Early in its tenure, the division directed its focus toward improving curricular coordination, promoting high-quality academic experiences, encouraging student engagement in high-impact practices, expanding academic support options, and improving student degree completion rates through collaboration with academic and administrative units.
The primary hope for the Division of Undergraduate Education was to continually build on the university’s existing resources; honor predecessors’ efforts to develop student success; and maintain positive rates for student learning, retention, and graduation.
The drafts for the division were created by Kathy Johnson, current president of the University of New Orleans, and Stephen Hundley, then leader for planning and institutional improvement. At the time, Johnson was dean of University College and would become the first associate vice chancellor of undergraduate education.
University College, which was first established in 1997 by a series of faculty-led initiatives, was built on the foundation of serving as a central, shared intellectual center for undergraduate learning and as a stimulating academic environment with adept support services.
“It felt like we were building on the strengths of University College but creating something new and trying to ensure that, especially when students move from University College into their major, they would still have the same sort of holistic support available to them,” Johnson said.
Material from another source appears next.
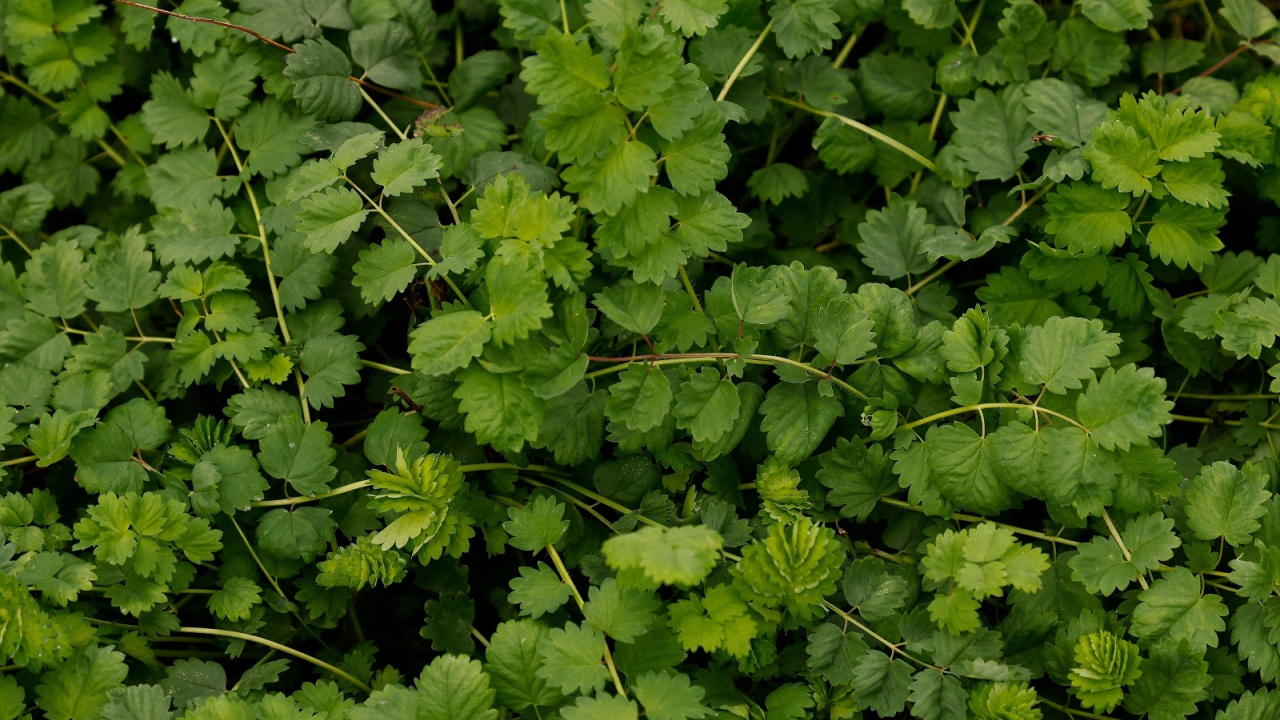 Close up of the herbaceous perennial edible garden plant with fern-like leaves Sanguisorba minor or salad burnet used for culinary flavouring and salad leaf.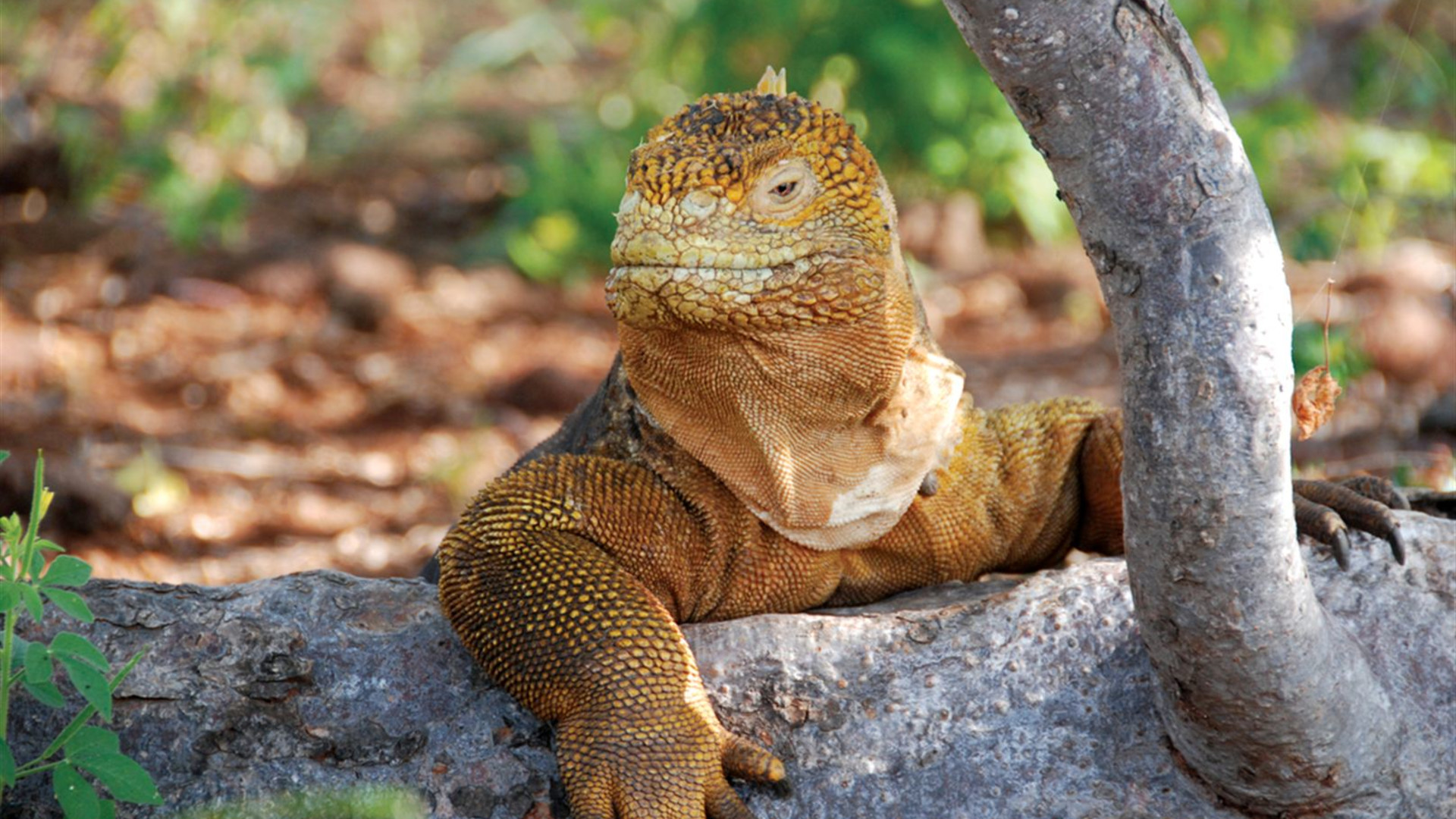 Click to view large image Galapagos Cruise & Peru in Depth (Grand Queen Beatriz)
According to reports at the time, Johnson said students who left University College indicated that they sometimes felt like they were falling off a cliff. From that feedback, Johnson and the leadership team understood how imperative it was for student success strategies to extend beyond the first-year experience.
To curate a conceptual framework for a division focused on undergraduate student success, Johnson wrote a white paper to envision potential approaches for the division’s structure. Johnson sought feedback on her efforts from members of University College, the leadership team, faculty, and the University Faculty Council.
“I’m very mindful that, in shared governance, we should be collaborating and not just making decisions behind closed doors, but involving as many people as possible,” Johnson said.
Johnson described the division's creation as a year-long process that included regular meetings where a taskforce would put plans together, articulate the budget, clarify the scope of the plan, and understand how University College would fit into the division.